Aksi perampasan itu diduga dilakukan tiga oknum anggota Polrestabes Surabaya di depan kantor KPU Jatim, Rabu (6/8/2014).
Perampasan terjadi saat Iin, panggilan Triediana, meliput bentrok antara pendukung capres-cawapres Prabowo-Hatta di kantor KPU Jatim.
Bukan hanya merampas kamera Iin, oknum tersebut juga menghapus file hasil jepretan perempuan berjilbab itu.
Menurut Prasto Wardoyo, Ketua AJI Surabaya, apa yang dilakukan aparat kepolisian merupakan bentuk kekerasan terhadap jurnalis.
“Perampasan itu termasuk kekerasan fisik. Kemudian menghapus file foto, berarti aparat melakukan intimidasi kepada pekerja pers,” ujarnya, Kamis (7/8/2014).
Dia mengaku heran dengan tindakan polisi yang tidak mencerminkan profesionalitasnya.
Tindakan itu, kata dia, cermin dari mentalitas dari paradigma lama yang melawan kebebasan pers.
“Pelaku melawan kebebasan pers.

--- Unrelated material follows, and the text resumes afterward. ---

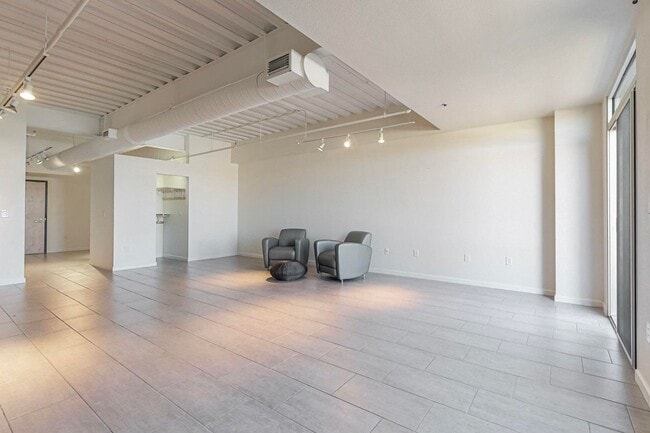 524 Central Ave SW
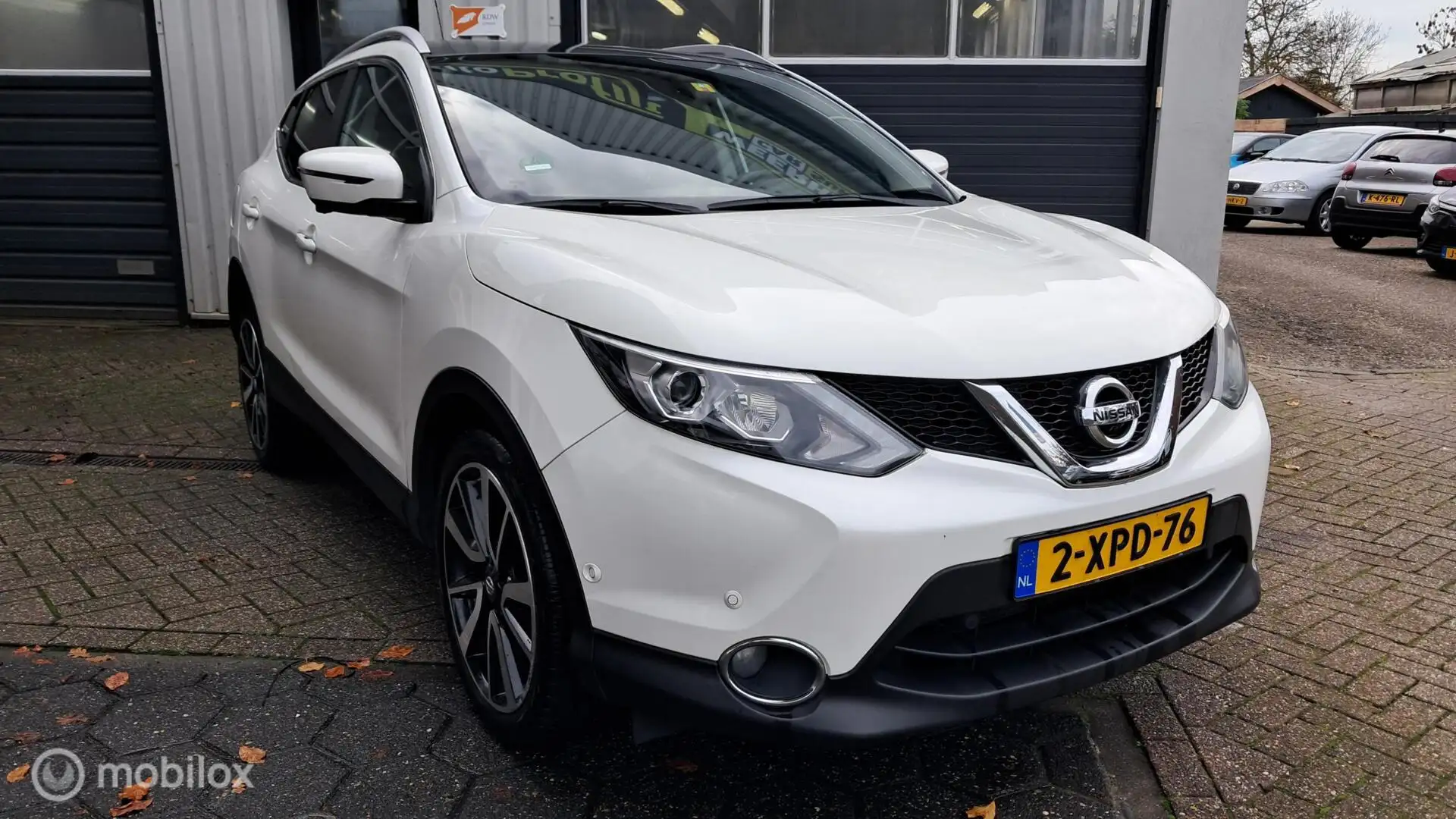 Nissan Qashqai 1.2 Premier Edition Blanc - 2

Lebih jauh, ternyata masih ada saja penegak hukum yang tidak mengerti hukum,” imbuhnya.
Dalam UU Nomor 40/1999 tentang Kebebasa Pers, dijelaskan bahwa pekerja media berhak menjalankan tugasnya terbebas dari intimidasi.
Artinya, kata Prasto, pihak-pihak yang mengintimidasi dan melakukan kekerasan terhadap jurnalis sudah melanggar UU dan terancam pidana.
Perampasan dan penghapusan file foto juga merupakan upaya menghalang-halangi kerja pers. Padahal, masyarakat berhak tahu apa yang terjadi.
Dalam UU Pers, pihak yang menghalang-halangi kerja jurnalis bisa dipidana maksimal 2 tahun.
Dia menambahkan, perlindungan terhadap jurnalis memang sangat lemah.